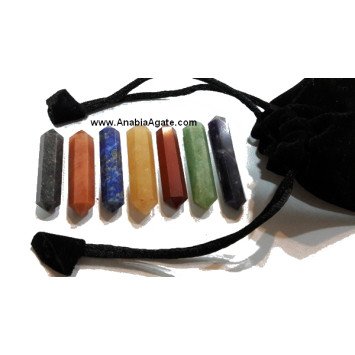 Double Terminated Chakra Pencil Set with Velvet Pouch | Spiritual Healing Crystals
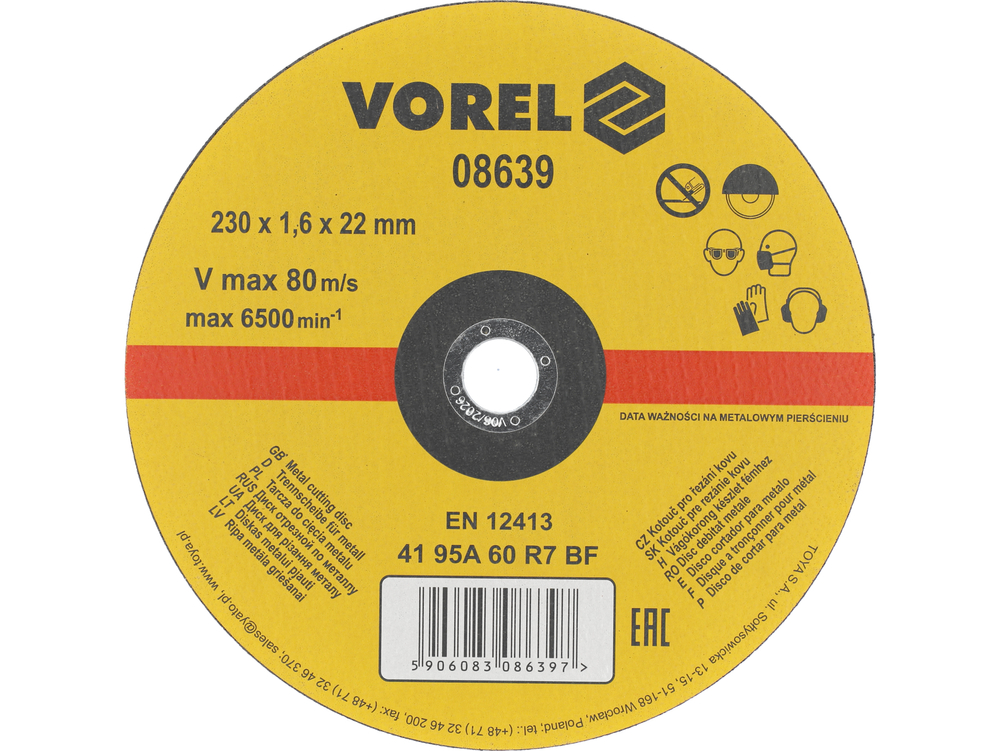 Tarcza do cięcia metalu 230x1,6x22 – VOREL 08639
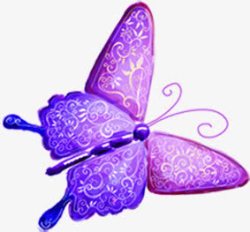 粉紫色春天花纹蝴蝶素材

*Instructions to follow:*
Transcribe the full listing above exactly as it stands, minus the pictures.

*Task answer:*
 Double Terminated Chakra Pencil Set with Velvet Pouch | Spiritual Healing Crystals
 Tarcza do cięcia metalu 230x1,6x22 – VOREL 08639
 粉紫色春天花纹蝴蝶素材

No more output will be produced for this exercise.